WORK TO BE COMPLETED
Reproduce the data below word for word, setting aside any picture it holds.

PROVIDED INFORMATION

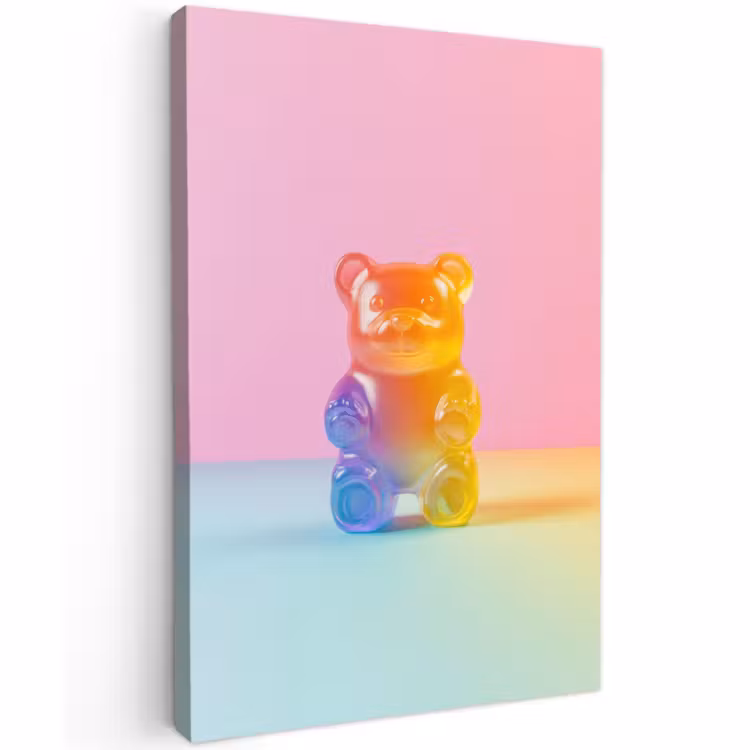 Buiten canvas - Pastel - Snoep — 1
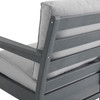 Sag Harbor Dark Grey Polymer with Cozy Ash Cushions Loveseat
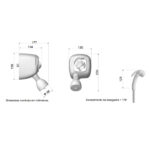 Chuveiro Elétrico Multitemperatura 220V 7800w Cromado Redondo Florenza Cardal - Imagem 5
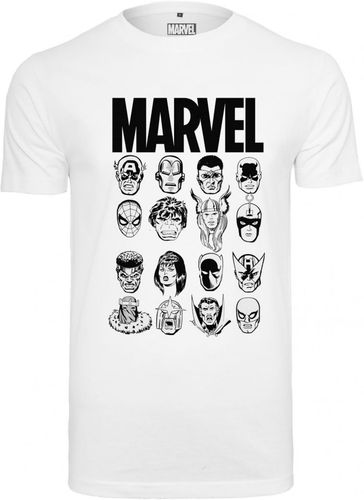 Maglietta 'Marvel Crew Tee'  nero / bianco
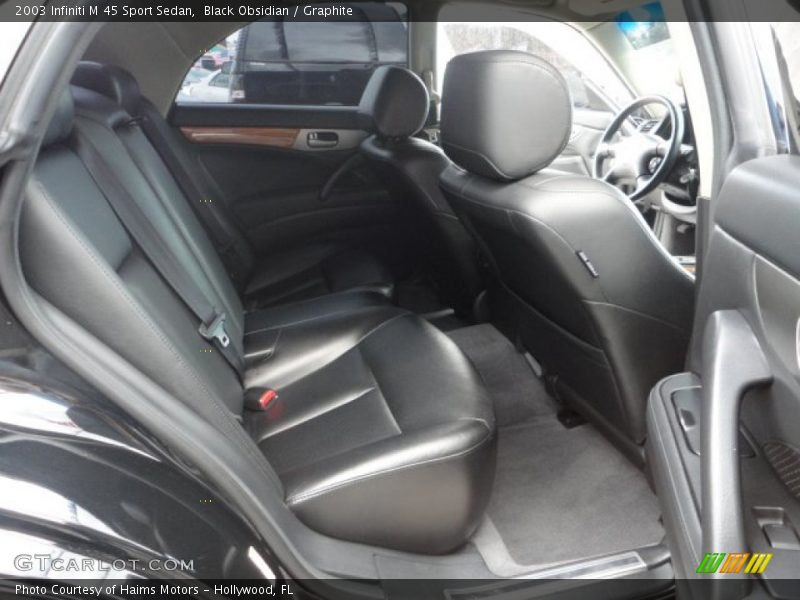 Black Obsidian / Graphite 2003 Infiniti M 45 Sport Sedan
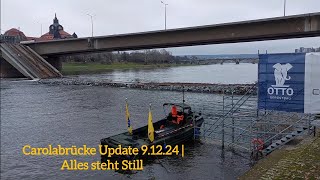 Carolabrücke Update 91224  Abrissarbeiten vorläufig gestoppt [upl. by Camfort485]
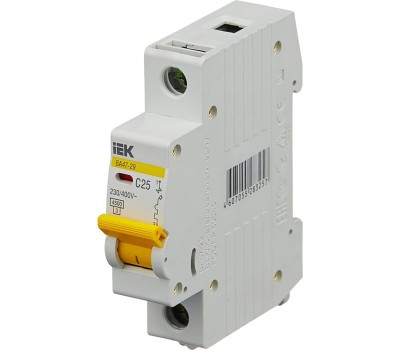 IEK Выключатель автоматический ВА47-29 (MVA20-1-025-C) 25A тип C 4.5kA 1П 230/400В 1мод белый (упак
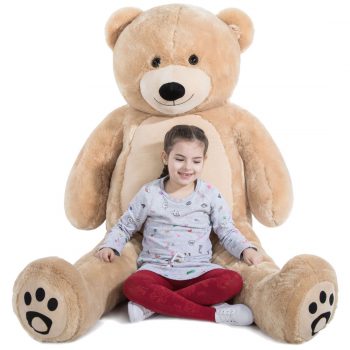 Daney teddy bear 6foot light brown 017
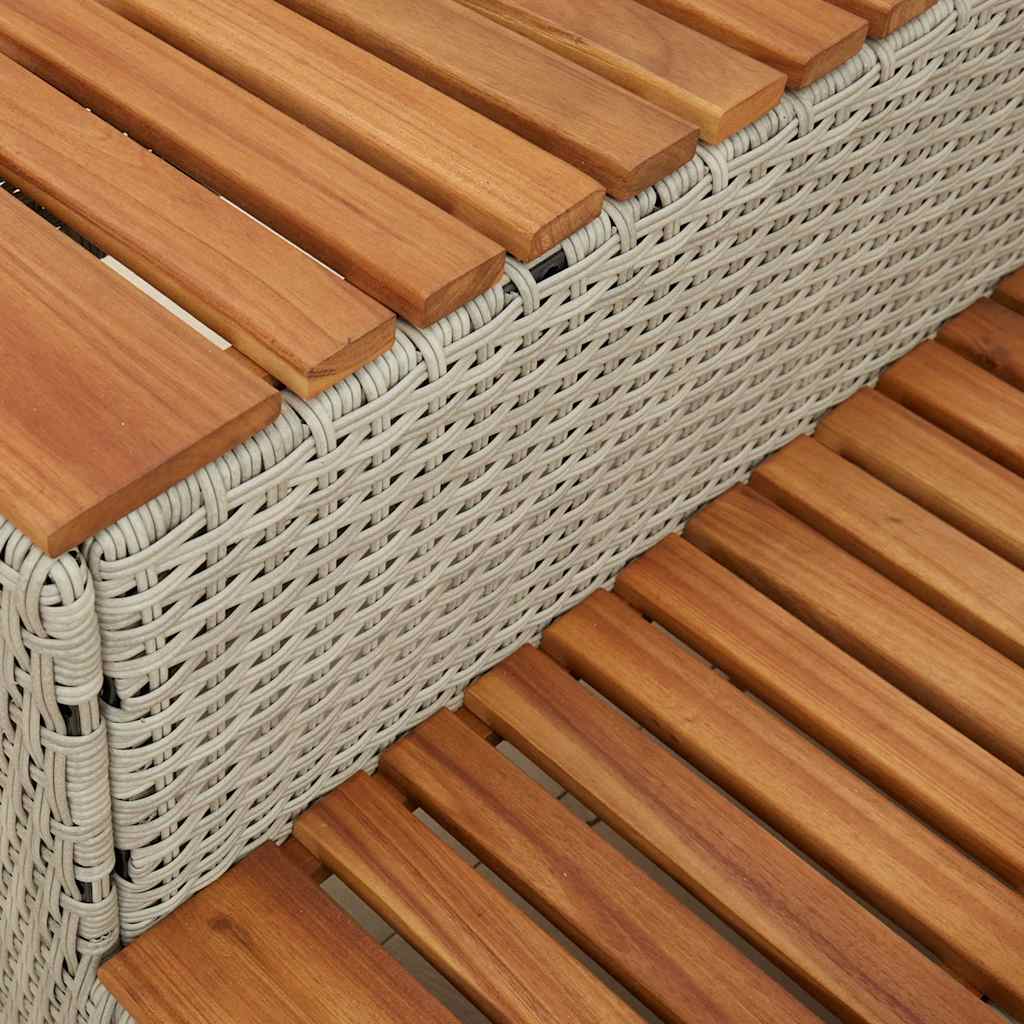 Step for hydromassage 100x50x50.5 cm PE and solid acacia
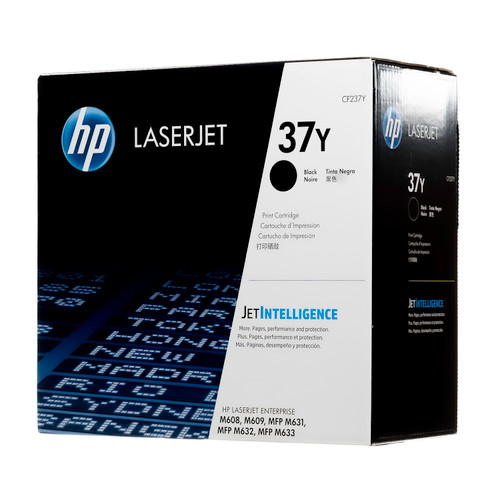 Original HP 37Y Black Extra High-Yield LaserJet Toner Cartridge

RESPONSE BELOW
 Buiten canvas - Pastel - Snoep — 1
 Sag Harbor Dark Grey Polymer with Cozy Ash Cushions Loveseat
 Chuveiro Elétrico Multitemperatura 220V 7800w Cromado Redondo Florenza Cardal - Imagem 5
 Maglietta 'Marvel Crew Tee'  nero / bianco
 Black Obsidian / Graphite 2003 Infiniti M 45 Sport Sedan
 Carolabrücke Update 91224  Abrissarbeiten vorläufig gestoppt [upl. by Camfort485]
 IEK Выключатель автоматический ВА47-29 (MVA20-1-025-C) 25A тип C 4.5kA 1П 230/400В 1мод белый (упак
 Daney teddy bear 6foot light brown 017
 Step for hydromassage 100x50x50.5 cm PE and solid acacia
 Original HP 37Y Black Extra High-Yield LaserJet Toner Cartridge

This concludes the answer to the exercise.